O fato de gravar com digital acabou ajudando e muito o trabalho. Os astronautas podiam receber proxies do que haviam gravado para ver como estavam saindo os planos e tirarem dúvidas como qual exposição ou distância focal usar em planos específicos através de e-mails ou até mesmo ligando diretamente para Neihouse.

Com a aposentadoria dos ônibus espaciais da NASA em 2011, a escolha das câmeras e formato digital foi essencial, pois o espaço para levar e trazer qualquer coisa da Estação foi drasticamente reduzido. Foram testadas várias câmeras para a tarefa, começando com uma Red Epic Mysterium-X, Vision Research Phantom 65, Sony F-65, Arri Alexa M e Canon EOS C300.

Neihouse conta em um artigo da American Cinematographer que foram gravadas cenas com as digitais e película para depois serem comparadas lado a lado, segundo ele a F-65 foi descartada por causa de seu tamanho, consumo de energia e menu de seleção mais complexo, pois a ideia era manter a operação da câmera simples e rápida para os astronautas. Essa mesma questão fez com quem desistissem de usar a Phantom 65.

A Alexa M foi rejeitada pois o sistema contava com duas peças, sendo um cabo saindo da câmera para o gravador, além do consumo de bateria bem alto da câmera (para os padrões que eles necessitavam). Com isso sobraram RED e Canon, segundo ele, olhando a imagem lado a lado em um projetor digital IMAX as pessoas achavam a C300 com um melhor visual para o projeto.

Além disso a NASA já usava algumas câmeras Canon na Estação, o que significava que as baterias dela já eram certificadas para o espaço. Tudo que é enviado ao espaço precisa ser testado e certificado para que não ocorra nenhuma variação ou acidente.

Um pouco antes do início das gravações a Canon lançou sua C500, que oferecia 4K em imagens sem compressão, o que fez com que Neihouse e Meyers optassem por ela gravando os arquivos em um Codex Onboard S Plus Recorder. Eles enviaram três C500 que foram utilizadas uma de cada vez, sendo trocadas conforme a radiação acabava danificando muito o sensor da anterior.

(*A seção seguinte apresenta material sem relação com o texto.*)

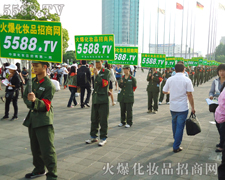 �҂����೬Խ�������(du��)���ډѴ�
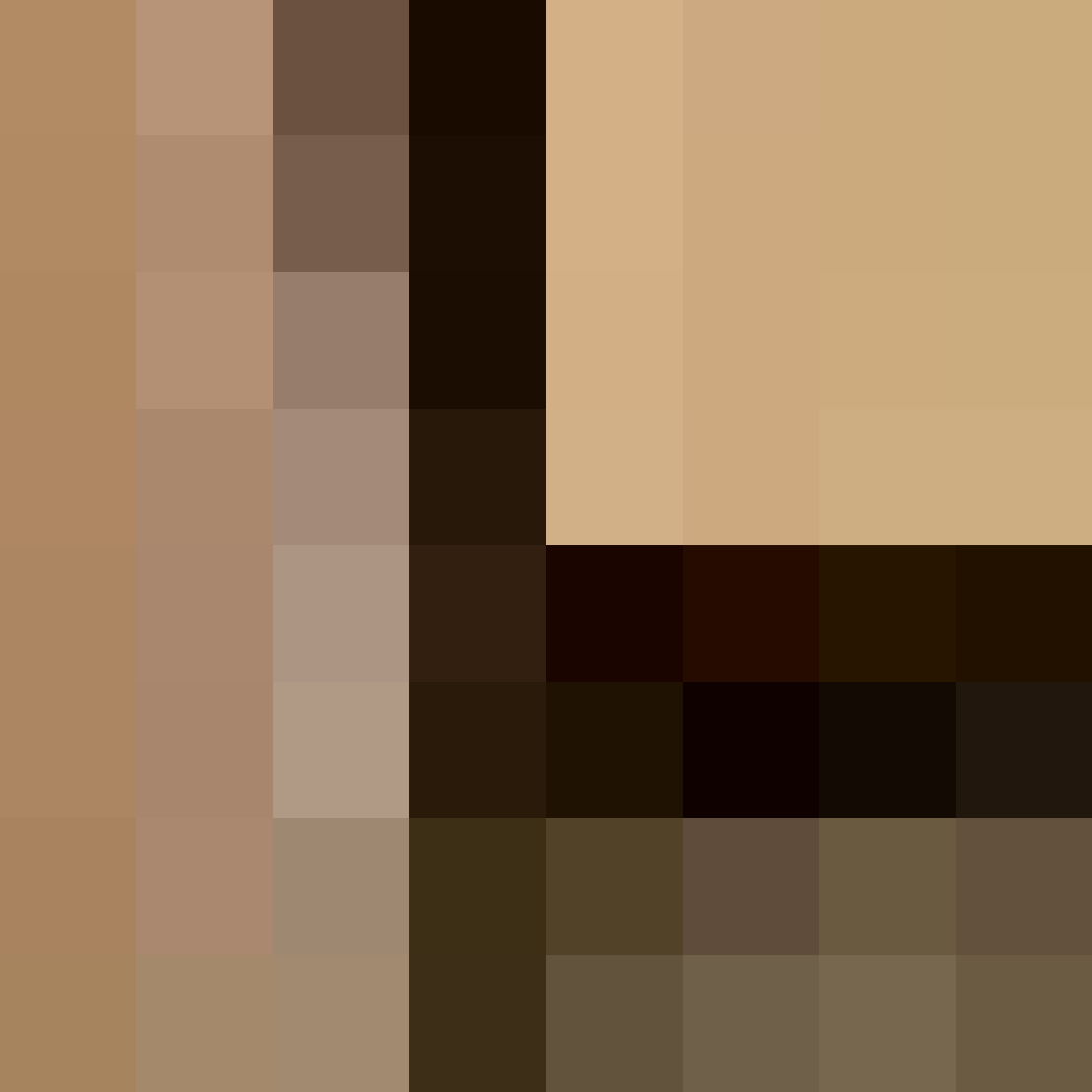 lecture_1_descriptor_patch_2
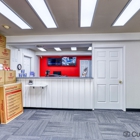 Route 10 Self Storage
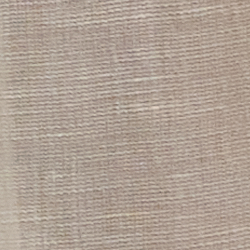 Cr&egrave;me luxueux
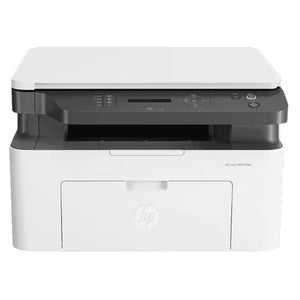 HP MFP 1188a Laser Printer 715A2A 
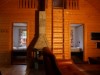 Bild 11 - Innen
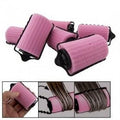 Magic Foam Rollers Curlers 6 Stück – Haarstyling-Werkzeug | Fashiongirl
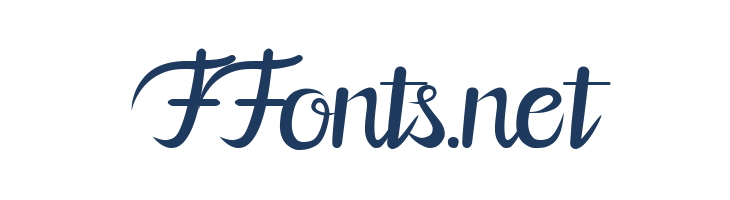 Gilliy font — Lorem ipsum body text preview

Eles também enviaram três Canon EOS-1D C para as sequências em still da Terra, mas apenas duas chegaram à órbita, pois uma se perdeu na falha do foguete SpaceX 7. A primeira tirou mais de 149 mil quadros antes de ser trocada pela segunda que conseguiu tirar mais 101 mil quadros.

Depois os arquivos eram interpolados para criarem uma composição de 24 qps. Segundo Neihouse “Nós usamos o sensor todo, 5208×3477 (de pixels efetivos), o que gera um aspecto de 1,5:1. Isso é bem próximo ao 1,44:1 do Imax, então perdemos menos informação dessa forma.”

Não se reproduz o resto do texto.